A range of maturing technologies within the datacenter have been showcased in IDC's latest FutureScape: Worldwide Datacenter 2017 Predictions – APeJ Implicationsreport,with the analyst firm highlighting why they are essential for those organisations seeking to digitally transform.

According to IDC, the future “DX Economy” will require a highly accurate, fully automated, lights-out datacenter that uses predictive analytics to reduce downtime.

This is the promise but IDC says the current reality for many older organisations is a datacenter environment that still contains significant technical complexity despite the efficiency and agility afforded by the cloud.

"This discussion has been weighted heavily on the business aspects of digital transformation and tended to neglect the complexity of the technical datacenter environment,” explains Dr Glen Duncan, senior research manager, Datacenter, IDC, Asia/Pacific.

According to IDC Asia/Pacific, the top datacenter predictions that will make the biggest impact to organisations in Asia Pacific for 2017 and beyond are:

#1: Datacenter Vision. By 2018, 35% of companies in data-intensive industries will adopt formal datacenter planning, sourcing, and governance processes to speed digital transformation efforts.

#2: Next-Gen Workloads. By 2019, 25% of organizations' datacenter investments will be supporting next-gen contextual workloads such as Cognitive/AI, Machine learning, and Augmented Reality.

#3: PAYG IT. Pay-As-You-Go/Use Models will account for 25% of on-premise and off- premise physical IT and datacenter asset spending by 2018, strengthening business and IT partnerships.

#4: Smart(er) Datacenters. In 2017, only 20% of enterprises will deploy software-defined datacenters on schedule because capacity constraints in critical facilities delay transformation efforts.

#5: Multicloud Operations. As enterprises react to changing data use patterns, 45% of their ICT spend in 2018 will be in a mix of colocation, hosted cloud, and public cloud datacenters.

#6: Local Cloud Delivery. By 2019, 20% of on-premise infrastructure will support geo-dependent, next-generation workloads linked directly to public/hosted clouds through IaaS/PaaS stacks on integrated appliances.

#7: Rack-Level IT. In three years, rack-level hyperconverged and hyperscale bundles will account for 30% of server/storage/network deployments, driving changes in power and cooling design.

#8: Dynamic Connectivity. In 2017, 25% of enterprises will use policy-based overlay networks to move data and workloads between datacenters, clouds, and branch offices quickly and securely.

#9: Power Assurance. By 2019, leading datacenter operators will reduce reliance on the grid, with 10% of all datacenter energy needs being met by dedicated, privately generated power sources.

#10: Datacenter Obsolescence. In the next two years, 30% of large and midsize businesses will suffer a service failure due to mismatches in power delivery and IT workload profiles caused by hardware obsolescence.
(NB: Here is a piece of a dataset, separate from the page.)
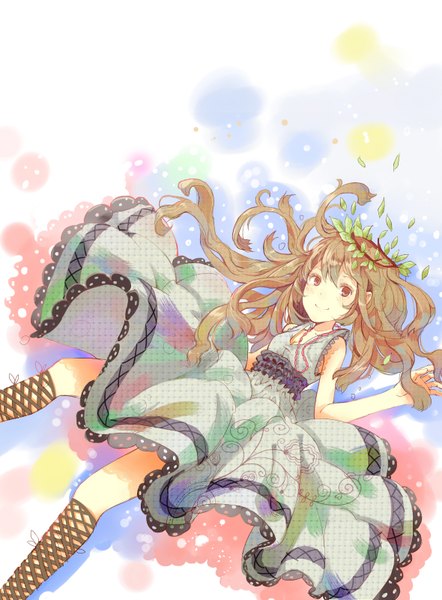 Anime picture 1180x1600 with original mconch single long hair tall image looking at viewer blush simple background smile brown hair bare shoulders brown eyes lying girl dress socks leaf (leaves) beads wreath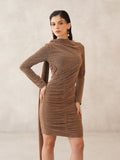 Gold Bodycon Attached Scarf Neck Dress Beatnik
"As organisations digitally transform, their underlying cloud and datacenter infrastructure must mature at the same rate and in parallel," explains Cynthia HO, senior research analyst, Datacenter, IDC Asia/Pacific.

"If it doesn't, line-of-business and the IT department will be out of alignment,” she says.

“This will create tensions between the two areas and the larger the gap, the greater the tension. Apart from the shackling of the business, this will also contribute to the proliferation of shadow IT.

IDC predicts that the hybrid datacenter environment will continue to proliferate as the new normal in APeJ. This is reflected in Prediction #5, where 45% of enterprise ICT spend in 2018 will be a mix of off-premise environments, IDC says.

With the extension of the hybrid cloud to the edge with mobile devices and sensors, IDC expects this environment will only become more dispersed and sophisticated.